The use of resistors in the rotor circuit of a wound-rotor motor is to limit torque while the motor is starting or running, which typically limits motor speed. This torque limitation is not typically for continuous operation, since the actual rated speed of the motor is unchanged(based on the number of poles, the frequency, and rated slip), just unavailable because of the limited torque(the slip is increased dramatically). Typically, these motors are rated for the extra amounts of heat generated for short time operation at low speeds/high slip. I have never seen resistors left in the rotor circuit for normal operation, though if the motor is reaching rated speed without running too hot, they would only limit the rated power and not cause any other problems that I can see. I have seen similar 'ballast' resistors located in the stator circuit, used for an old-fashioned 'soft-start'.

 

[acmotorengineer]

In AC motors the torque characteristic is a function of rotor resistance, among other design features. Generally high resistance is needed for high starting torque and high running slip.

In AC Induction motors with squirrel cage rotors the resistance and consequently torque is fixed and a compromise between starting and running torque.

With wound rotors with external resistors, the torque characteristic can be tailored and changed for starting and running. A useful characteristic for long belt conveyors.

Whereas wound rotors may operate without external resistors, the torque characteristic is generally unsuitable for normal applications, particularly starting.

Keeping resistors in the circuit for running is normal.

 

[Marke]

Hello redox

The primary reason for the resistors remaining in circuit is to increase the slip to a uniform value for all motors. You are using multiple motors to drive a single conveyor. This could result in one motor providing almost all the torque if the full load slip was different for each motor.
For example, if one motor had a slip of 1% full speed, and another had a slip of 2% full speed at full load, then at a speed of 1% slip, the first motor would be fully loaded and the second motor would be half loaded. If the load required 100% torque, then the first motor would be overloaded and the second motor would still not be at full load.
Adding the resistors ensures that the slip is determined by the external resistance rather than the internal motor characteristics.

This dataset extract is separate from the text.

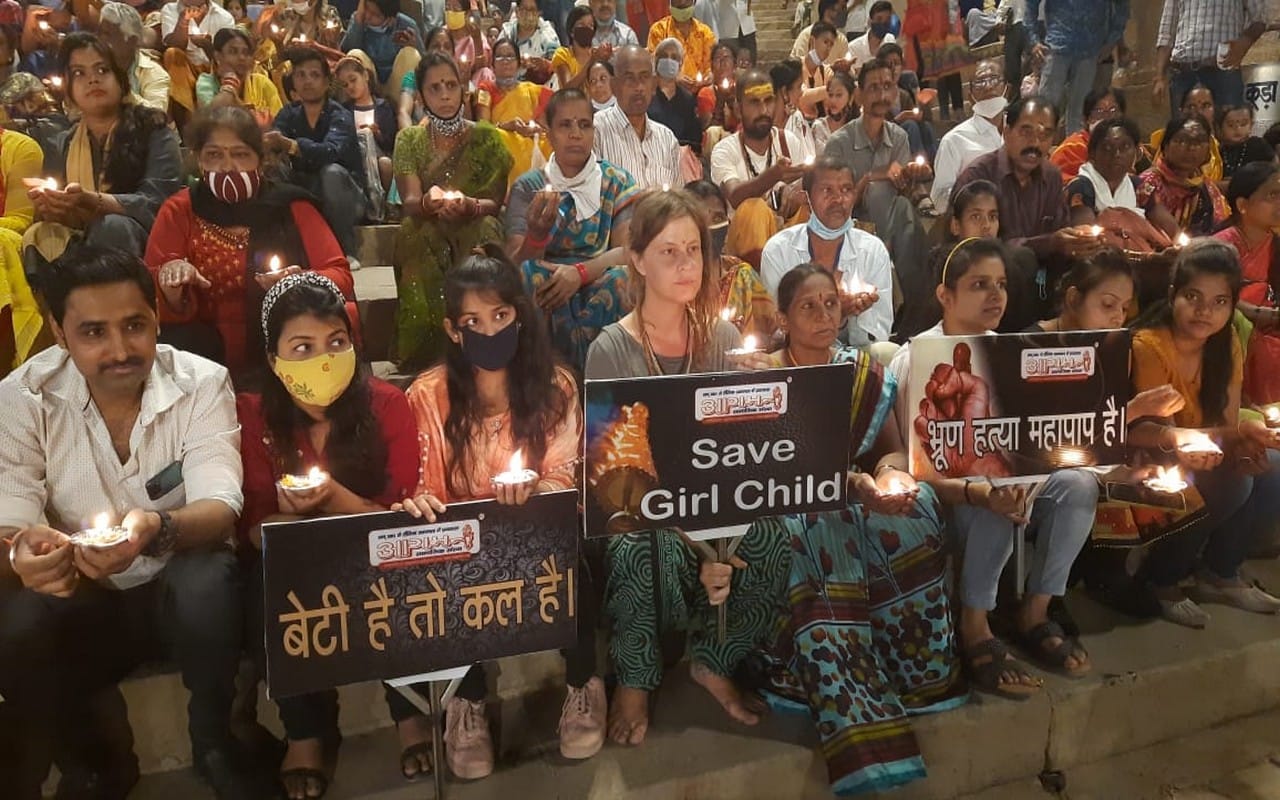 Resolve not to commit feticide during Ganga Aarti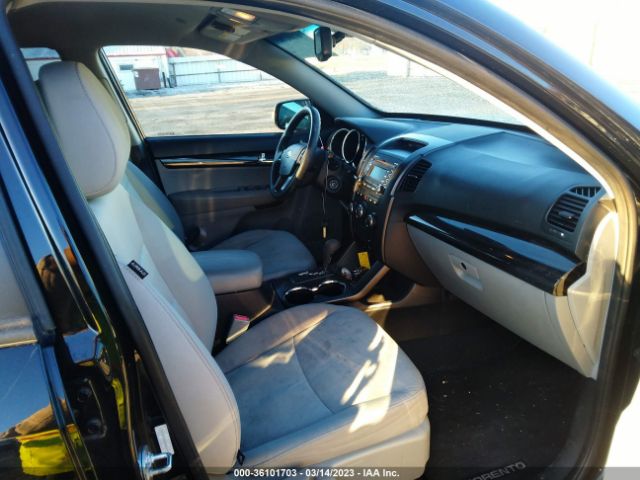 5XYKTCA68CG216441 KIA SORENTO LX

During start, these resistors are so small relative to the vapourmatic resistors that they will have no influence at all.

The resistors are for load sharing and can be removed form single motor applications unless they are required to run at the same speed as the other conveyors.
Best regards, Mark Empson

http://www.lmphotonics.com

 

[mbe]

We have to find the particular application. As already stated above resistors in rotor circuit are normally provided for:
- Limiting starting current
- Adjusting the starting torque (and the slip).
(By connecting a suitable resistance in rotor circuit starting torque and current can be varied over a wide range (any value upto the pullout torque))
- Speed variation
- and in some cases a relatively smooth start
Conveyors can be horizontal, inclined (up)
or downhill conveyors. There are chances of belt slippage during starting of long belt conveyors (loaded or unloaded).
By rotor resistance assisted start we can have a smoother start and avoid slippage.
In case of downhill conveyors, where the motors may run in generating mode, braking becomes a problem. Some people do it by plugging (bring the motor to near zero rpm by plugging and then apply mechanical brakes). A relatively large resistance is added for this purpose to have a smoother transition for reversal

Sometimes two motors (each capable of taking full load)are provided for long conveyors for standby purposes. Normally both the motors share the load. in case of failure of any one of these the other can run the conveyor. As so correctly suggested by Marke the values of resistances can be adjusted to attain a desirable load sharing.

 

[bmodrow]

The purpose of the resistors is to control motor speed.

 

[jbartos]

Suggestion: Since there are different motor types and kW ratings, the conveyor propulsion system was analyzed / modeled and the resistors were added there to have the all motor torque speed curves approximately same at the conveyor operating speed (either no load or full load). The original posting concern about removing resistors is somewhat justified, if the motor speed is going to be controlled more precisely than what the present resistors are approximately designed to accomplish. Supposing that the resistors were fine tuned for all motors no load condition on the conveyor, then the loading of conveyor will cause the motors to have different slips because of different motor kW ratings and motor torque speed characteristics curves. The proper way to control the motors will be over the motor shaft speed sensors that would synchronize all motors shaft speed. This can be accomplished more than one way.

 

[yinger]

The resistors that remain in the motor circuit are refered to as permanent slip resistors. The resistance is not intended to contain the maximum conveyor speed, this would have been done in the speed reducer ratio. I think this is a designed installation, not a modification to use surplus or mismatched drive components. Even if all the motors came out of the same factory built to the same specification there are slight differences, permenant slip resistors allow the multiple motors on one conveyor to evenly share the load. Marke's response is a great explaination.

 

[don01]

another vote for marke's explanation.
I recall seeing a similiar set up on a large mill drive where the 2 motors were on a "common" shaft nose to tail and physically coupled together. 2 motors were used to get a lower profile to fit the plant and still do the job. I thought there was a booboo in the control schematic and thats exactly how it was explained to me.
This was pre super dooper electronics but it would be hard to beat the cost of 2 cast iron resistors in an existing plant.

regards
Don

 

[Shortstub]

Gentlepersons:

Induction motors cannot be mechanically coupled, or even tandem coupled (series-windings excluded), to the same load without more slip than would be provided by the rotor alone. Not even if they were of identical design.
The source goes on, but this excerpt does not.